In main outline, the process was all that one usually finds in so-called merit-based appointment processes, viz:
- Develop a description of the required qualifications;
- Public advertisements of the vacancies to be filled and the qualifications required;
- Initial screening out of candidates whose qualifications do not measure up to the specified qualifications;
- Candidates who survived the initial screen, write an examination designed to test their analytical and writing skills and knowledge;
- Examination answers graded on a pass/fail basis;
- Candidates who passed the examination interviewed by a designated selection committee;
- Candidates who interviewed successfully, recommended by the committee to the appointing Minister as persons who are qualified to serve as members of the Tribunal;
- The Minister chooses who will be appointed from among the candidates recommended by the selection committee.
In fact, it was a process very like the one your own advisers will no doubt be recommending to you – indeed, a standard model for so called “merit-based” appointments systems. (It is, however, a system that has also been labeled a “hybrid” system – “merit-based but patronage driven”.)
The second failure-precedent involves appointments to the IRB (the Immigration Refugee Board).
If you were to look in your copy of Unjust by Design (well, yes, Prime Minister, I am the author of that book and, yes, it is indeed a troubling book, thank you) you will see at pages 52 to 56 the sorry history of what seems likely to have been the first merit-based GIC appointments scheme in the federal government’s history – a scheme of which Harper’s SST appointments structure was almost an exact duplicate.
It was a scheme designed to reform the process for appointing members of the Immigration and Refugee Board. It was introduced in 1995 by the Chretien government in response to what had been three years of bad press about the patronage-driven and partisan-driven nature of the IRB appointments under both Progressive Conservative and Liberal governments.
Yes, Mr. Trudeau, the IRB is an adjudicative tribunal.
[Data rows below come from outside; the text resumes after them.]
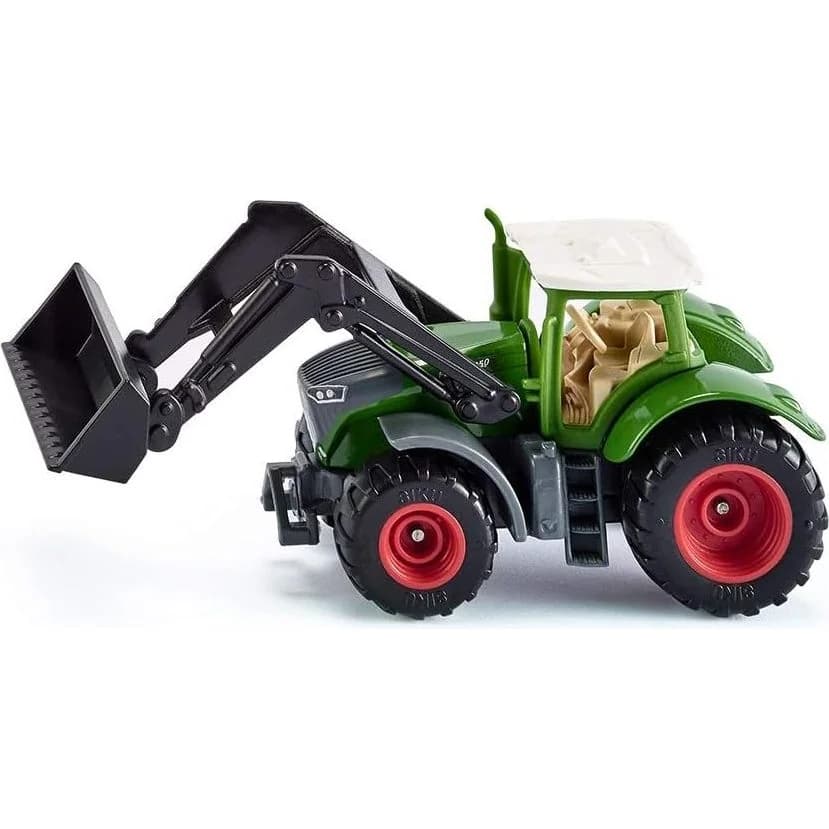 SIKU Fendt 1050 Vario with front loader (1393)
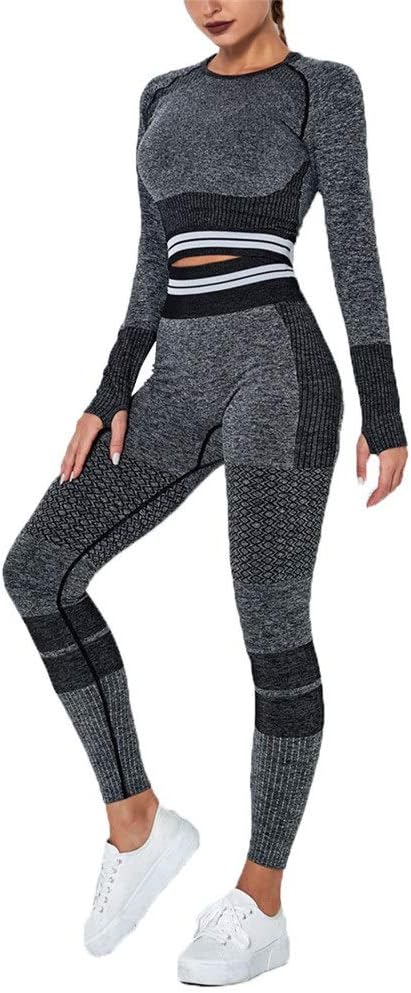 Womens yoga tracksuit Clearance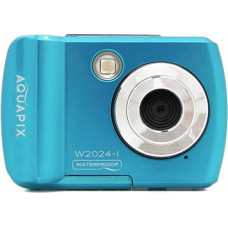Easypix Aquapix W2024 Ūdensizsturīgs fotoaparāts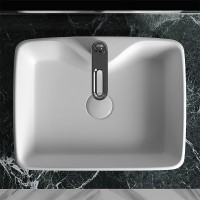 Раковина Ceramica Nova Element 48 CN6033 Белая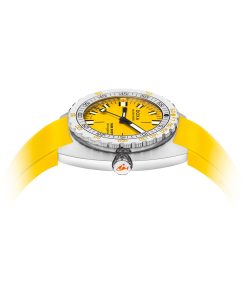 Alternative view of SUB 300T Divingstar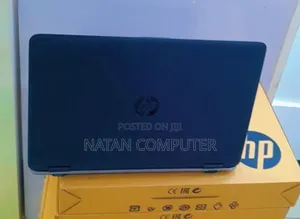 New Laptop HP ProBook 440 G4 8GB Intel Core I7 HDD 1T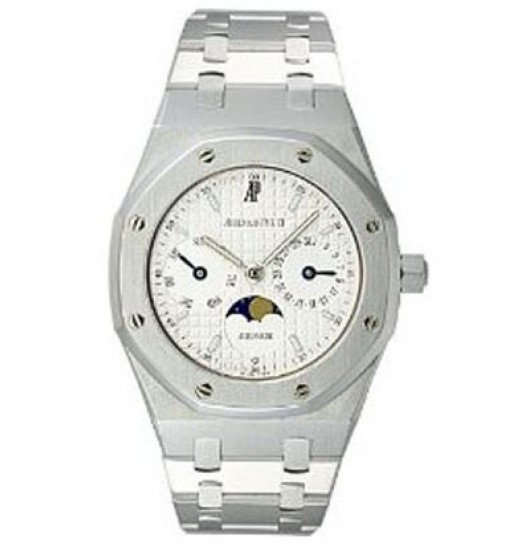 Audemars Piguet Royal Oak Day-Date Mens 25594ST.OO.0789ST.05 fake watch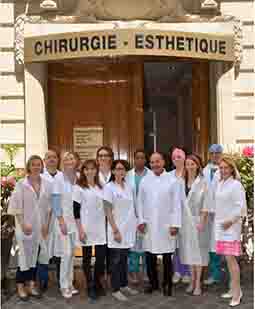 Clinique Alphand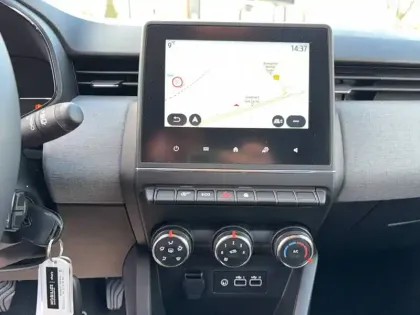 Photo 11 Renault Clio  Eco-G 100 ch GSR2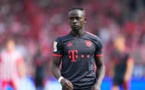 Mondial Qatar 2022 : Sadio Mané dévoile sa liste de potentiels vainqueurs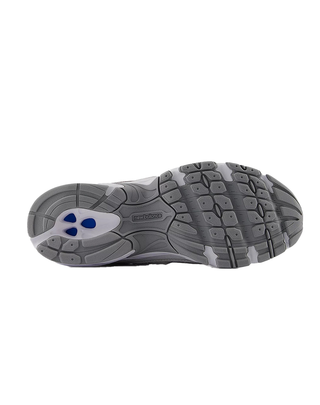 SNEAKERS UNISEX " 740 " - GREY U740GS2 U NEW BALANCE 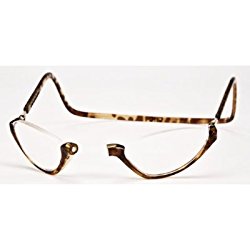 Impulse 1.75 Sonoma Readers Reading Glasses Clics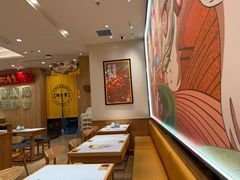 -陳香貴·兰州牛肉面(上海长风大悦城店)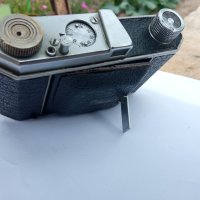 Стар фотоапарат kodak колекционерски, снимка 2 - Други ценни предмети - 41424291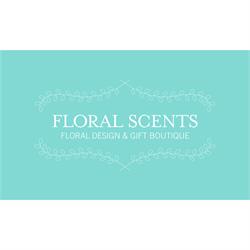 Floral Scents, Morden, MB opening hours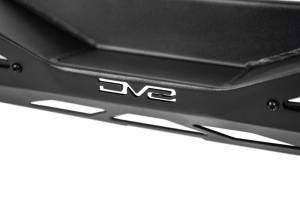 DV8 Offroad Bumpers & Jeep Accessories | 1350 Offroad - DV8 18-23 Wrangler JL Spec Series Rear Bumper - RBJL-09 - Image 7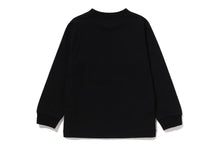 MILO PLUSH DOLL ONE POINT LS TEE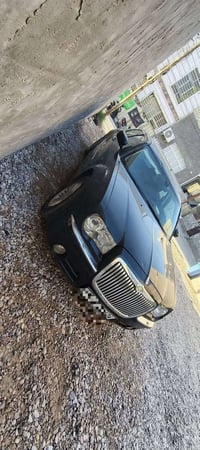 كرايسلر 300 • ٢٠١٠ • رقم اربيل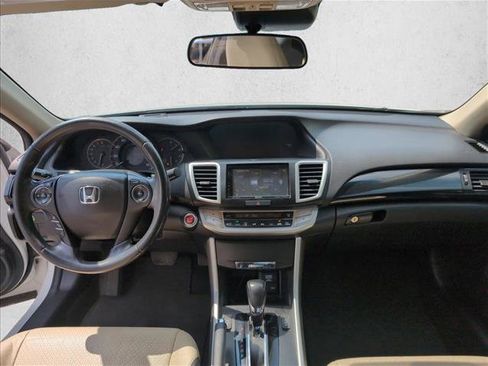 Used 2013 Honda Accord EX-L image 20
In 2002, at the time the term of the then IRB Chair, Mr. Peter Showler, ended, the IRB’s merit-based appointments scheme had been fully operational for seven years.
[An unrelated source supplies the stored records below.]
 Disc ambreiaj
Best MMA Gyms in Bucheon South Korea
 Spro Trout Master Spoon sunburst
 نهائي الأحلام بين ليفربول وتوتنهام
And, yet, according to Showler himself, seven years after the inception of that appointments scheme political patronage remained “a devastating blight on the Immigration and Refugee Board”. (See the reference in my book to Showler’s 2003 interview with the Toronto Star).
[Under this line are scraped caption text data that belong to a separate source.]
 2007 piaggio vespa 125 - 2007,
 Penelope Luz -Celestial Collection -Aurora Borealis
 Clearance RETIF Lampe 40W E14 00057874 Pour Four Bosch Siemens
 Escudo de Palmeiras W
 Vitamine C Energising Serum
Moreover, in Showler’s estimation, only 10 to 15 percent of IRB members could be considered excellent, while 10 to 15 percent were incompetent and the balance, say 70%, were only “adequate”.
It is true, Mr. Prime Minister – go to page 53 of the book, right at the top of the page, got it? Good. Thank you.
I should note in passing that part of what went wrong at the IRB was the failure to make the re-appointments process, patronage free.
I will come back to the re-appointments issue in a later conversation, but may I just earmark it here as an issue of huge importance for members of adjudicative tribunals from a justice system perspective. If adjudicative tribunal members are appointed to three- or five-year renewable terms, there is no use in having an exemplary appointments process if your re-appointment process remains arbitrary.
So, the next question we need to talk about is this: what were the inherent flaws in the SST and IRB merit-based appointments processes – the flaws for which you will want to be on the lookout in your own new appointments processes?
And, yes, that can be done on another day. I will wait for your call.